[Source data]
+++

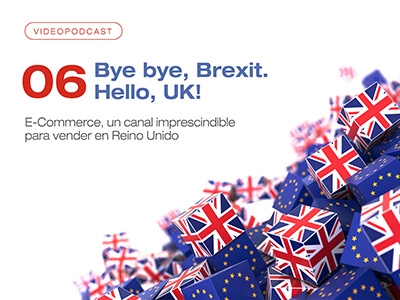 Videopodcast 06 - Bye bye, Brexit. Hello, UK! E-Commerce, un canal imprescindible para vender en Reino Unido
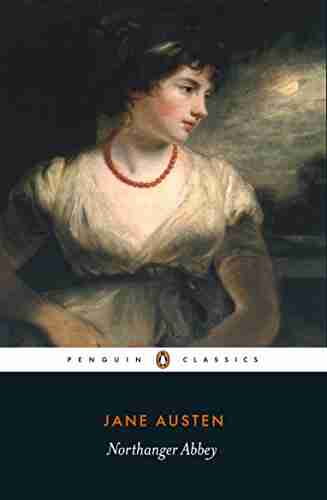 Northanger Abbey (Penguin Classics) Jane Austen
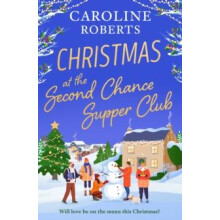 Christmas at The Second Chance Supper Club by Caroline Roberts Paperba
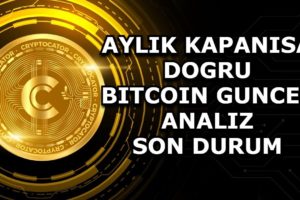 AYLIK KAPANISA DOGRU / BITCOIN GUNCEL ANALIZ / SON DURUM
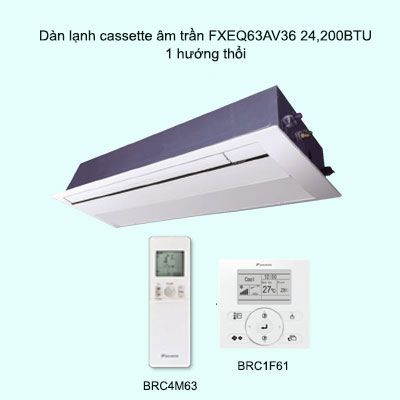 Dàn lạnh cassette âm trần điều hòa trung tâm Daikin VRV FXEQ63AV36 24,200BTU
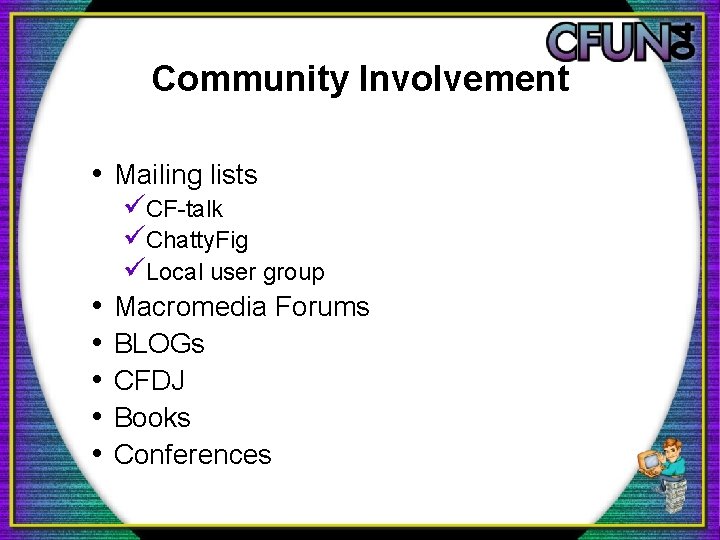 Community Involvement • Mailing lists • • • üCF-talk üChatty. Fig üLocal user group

+++

- **Goal of the exercise**: Every entry must be written out exactly, with all pictures left out.

- **Result below**:
 Videopodcast 06 - Bye bye, Brexit. Hello, UK! E-Commerce, un canal imprescindible para vender en Reino Unido
 Northanger Abbey (Penguin Classics) Jane Austen
 Christmas at The Second Chance Supper Club by Caroline Roberts Paperba
 AYLIK KAPANISA DOGRU / BITCOIN GUNCEL ANALIZ / SON DURUM
 Dàn lạnh cassette âm trần điều hòa trung tâm Daikin VRV FXEQ63AV36 24,200BTU
 Community Involvement • Mailing lists • • • üCF-talk üChatty. Fig üLocal user group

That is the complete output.